Brief descriptive captions:

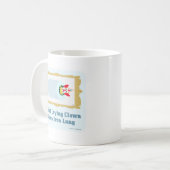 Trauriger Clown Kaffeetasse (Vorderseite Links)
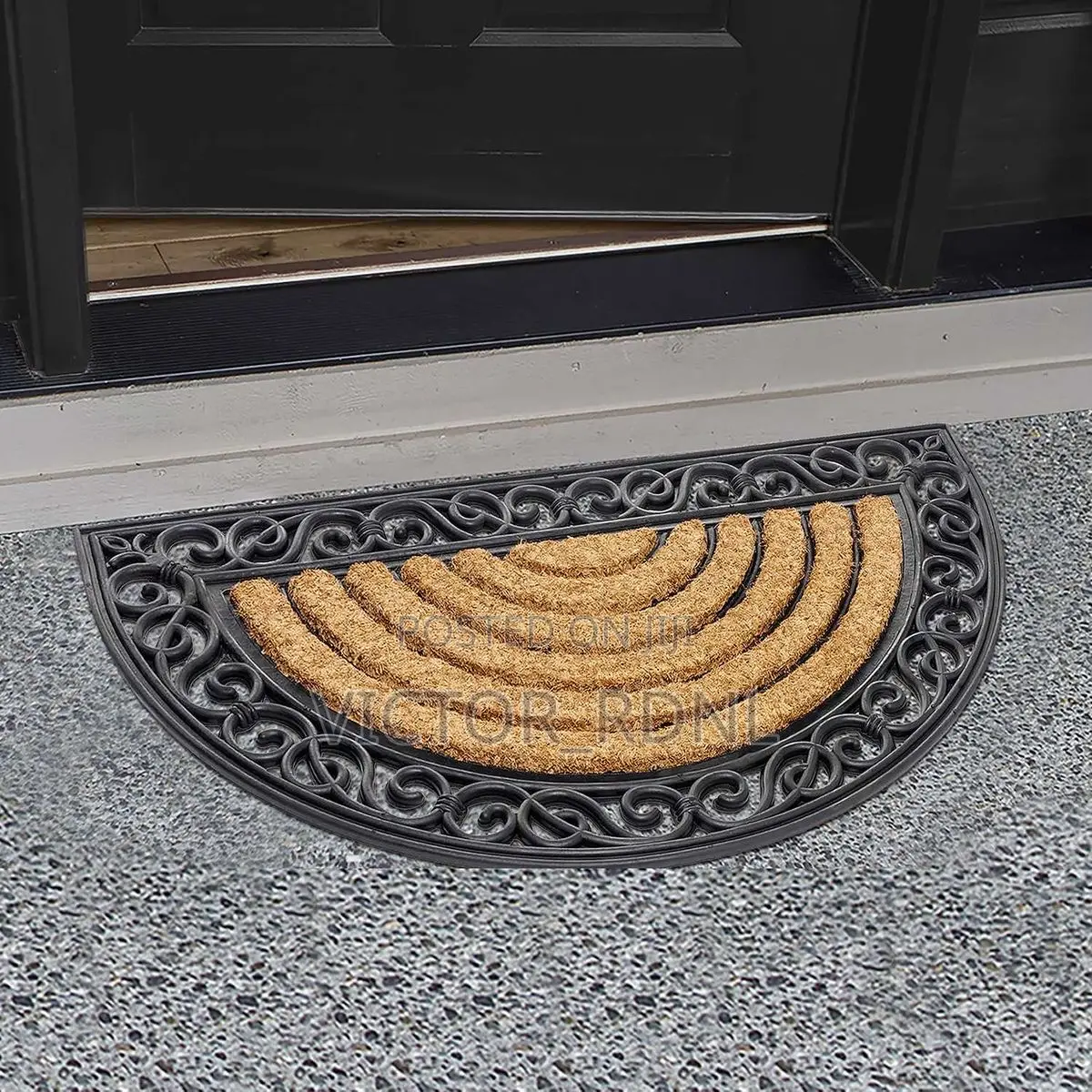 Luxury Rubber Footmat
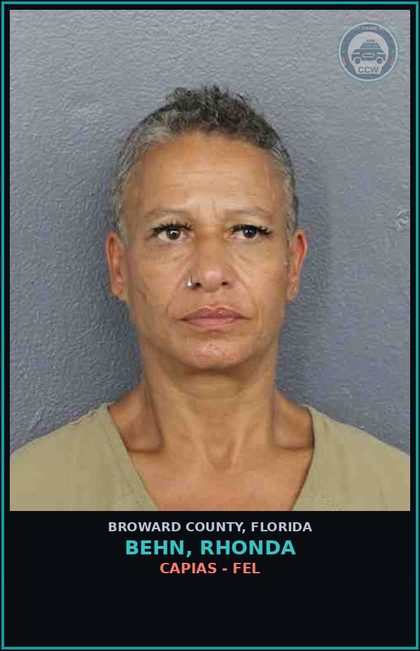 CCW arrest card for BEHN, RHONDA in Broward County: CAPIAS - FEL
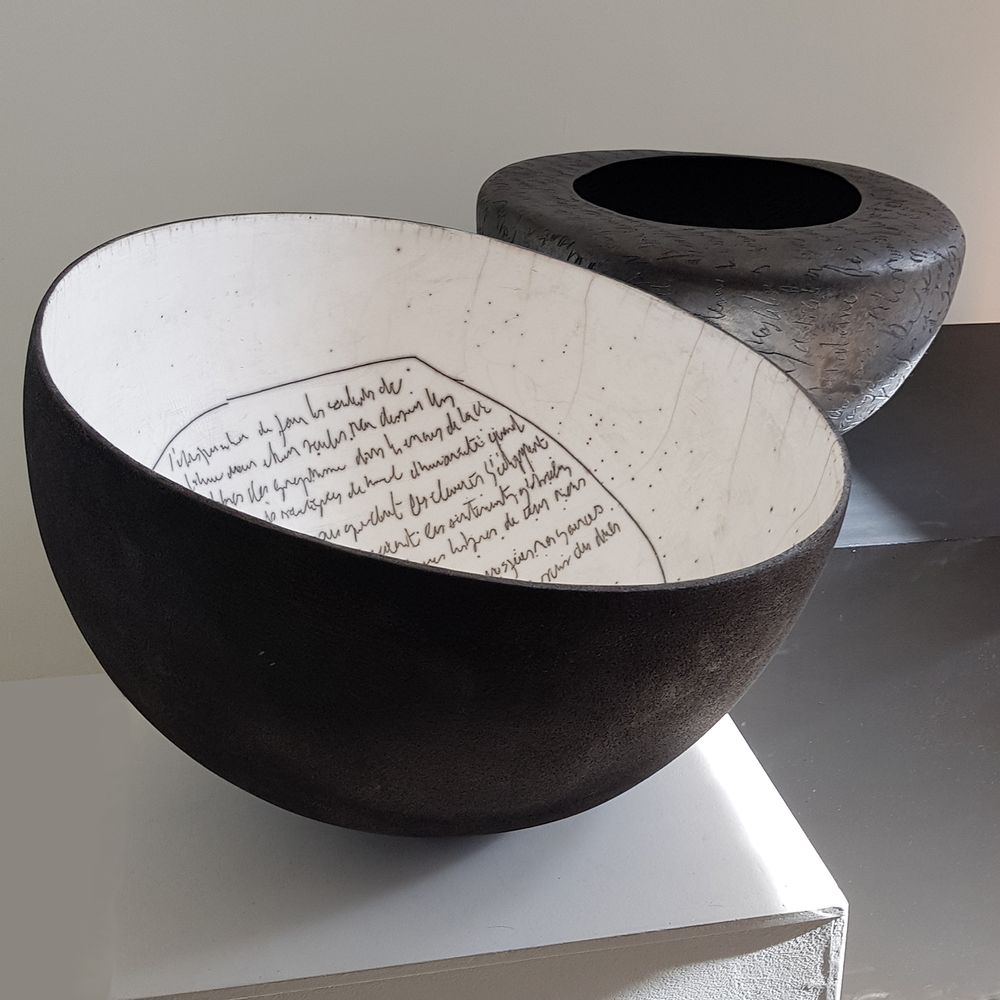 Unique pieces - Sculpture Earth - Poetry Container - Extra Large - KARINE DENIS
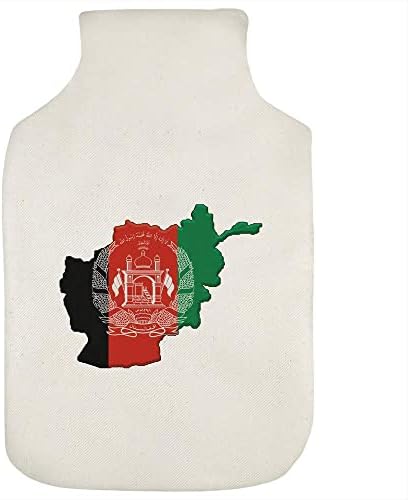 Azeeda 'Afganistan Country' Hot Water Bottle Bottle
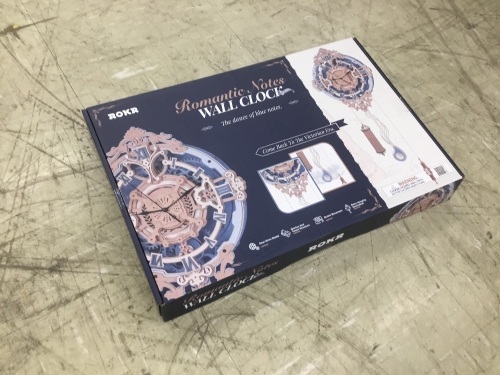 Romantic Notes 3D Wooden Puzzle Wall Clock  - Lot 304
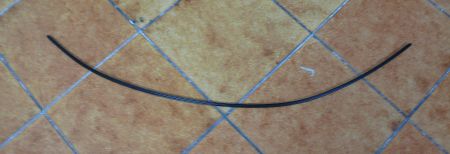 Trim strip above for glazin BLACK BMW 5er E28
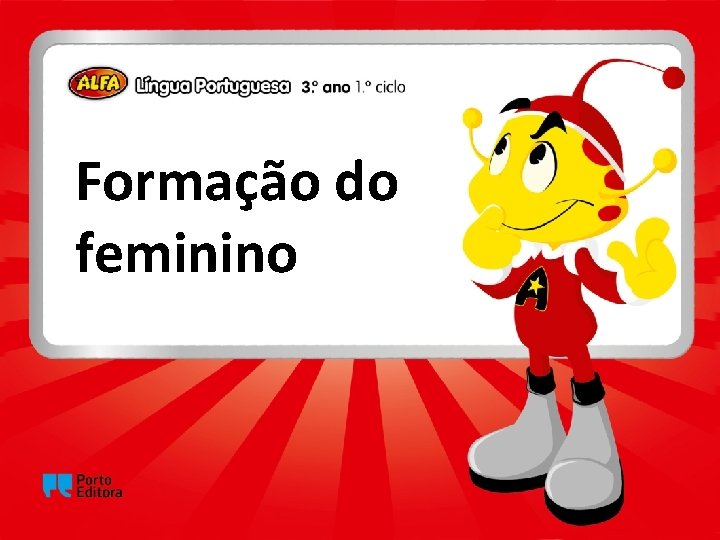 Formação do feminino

REQUIRED WORK: In the copy, include exactly the lines from the one containing "Unique pieces - Sculpture" through the last line of the records, and no pictures or other text.

OUTPUT FOR THIS TASK:
 Unique pieces - Sculpture Earth - Poetry Container - Extra Large - KARINE DENIS
 Azeeda 'Afganistan Country' Hot Water Bottle Bottle
 Romantic Notes 3D Wooden Puzzle Wall Clock  - Lot 304
 Trim strip above for glazin BLACK BMW 5er E28
 Formação do feminino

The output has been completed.